WHAT YOU ARE ASKED TO DO:
Leave the pictures out. Retype exactly the lines below from the one containing "This is a 2010" through the one containing "13th gen Intel", and no others.

THE RECORDS:
----
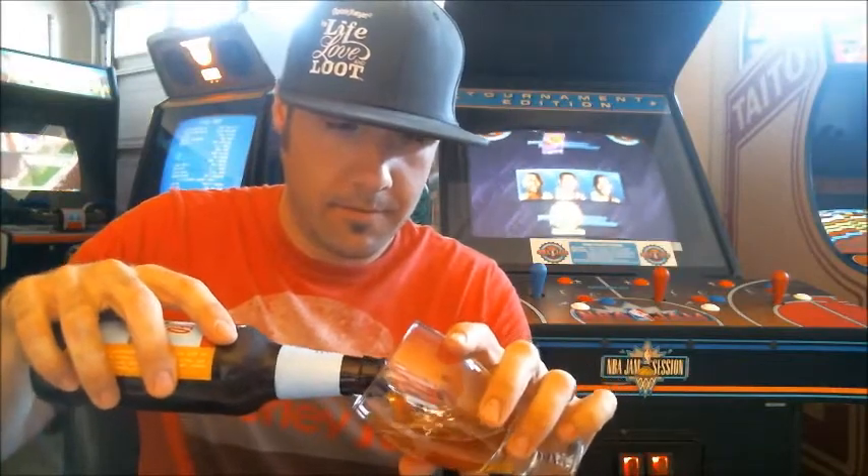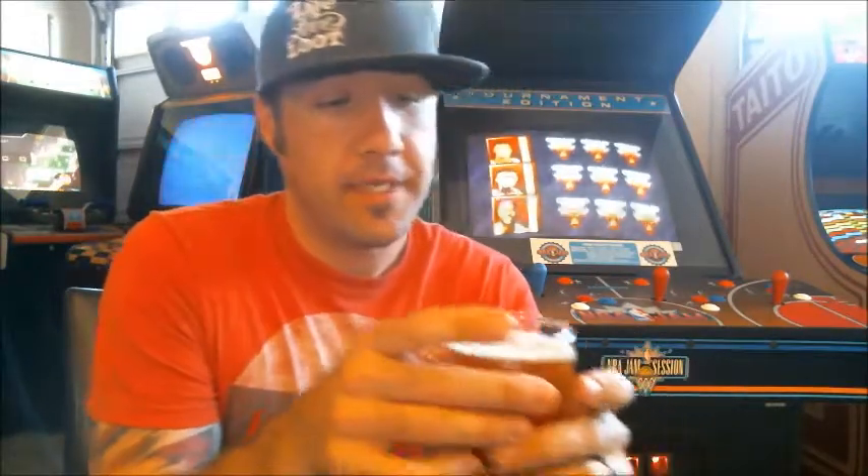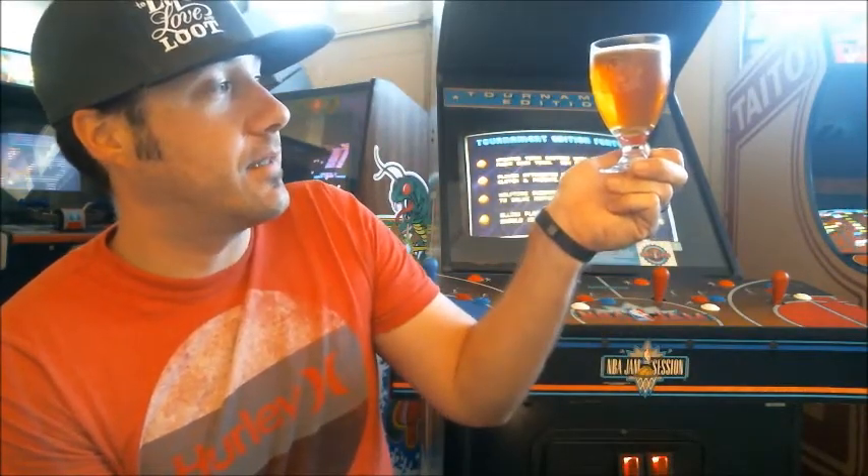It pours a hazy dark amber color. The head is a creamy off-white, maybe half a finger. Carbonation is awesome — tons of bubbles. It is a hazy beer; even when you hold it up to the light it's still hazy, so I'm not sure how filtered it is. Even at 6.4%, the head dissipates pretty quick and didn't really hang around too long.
----
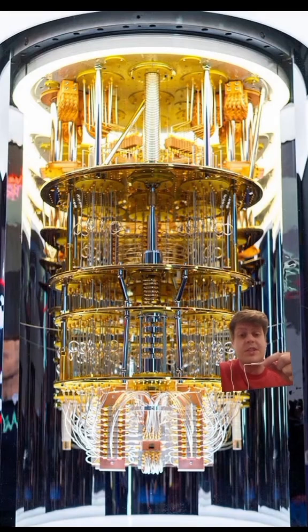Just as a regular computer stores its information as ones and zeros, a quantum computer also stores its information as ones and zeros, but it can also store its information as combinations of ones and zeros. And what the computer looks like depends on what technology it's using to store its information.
----
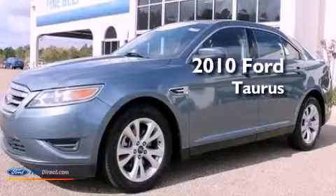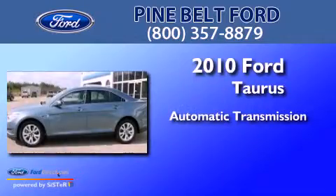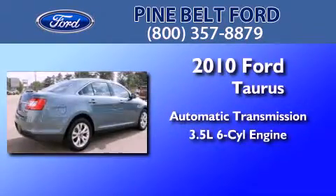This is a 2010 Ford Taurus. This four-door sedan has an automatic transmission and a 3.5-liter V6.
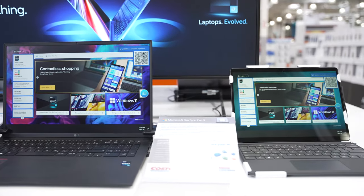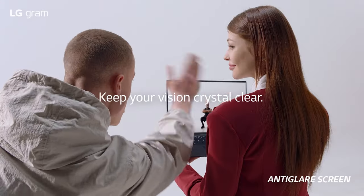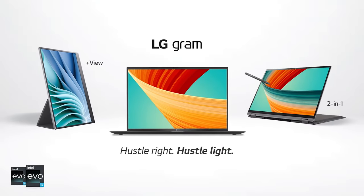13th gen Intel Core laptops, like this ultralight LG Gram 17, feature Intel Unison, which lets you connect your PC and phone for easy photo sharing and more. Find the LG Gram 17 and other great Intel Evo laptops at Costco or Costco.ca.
----
YOUR RESPONSE:
This is a 2010 Ford Taurus. This four-door sedan has an automatic transmission and a 3.5-liter V6.
13th gen Intel Core laptops, like this ultralight LG Gram 17, feature Intel Unison, which lets you connect your PC and phone for easy photo sharing and more. Find the LG Gram 17 and other great Intel Evo laptops at Costco or Costco.ca.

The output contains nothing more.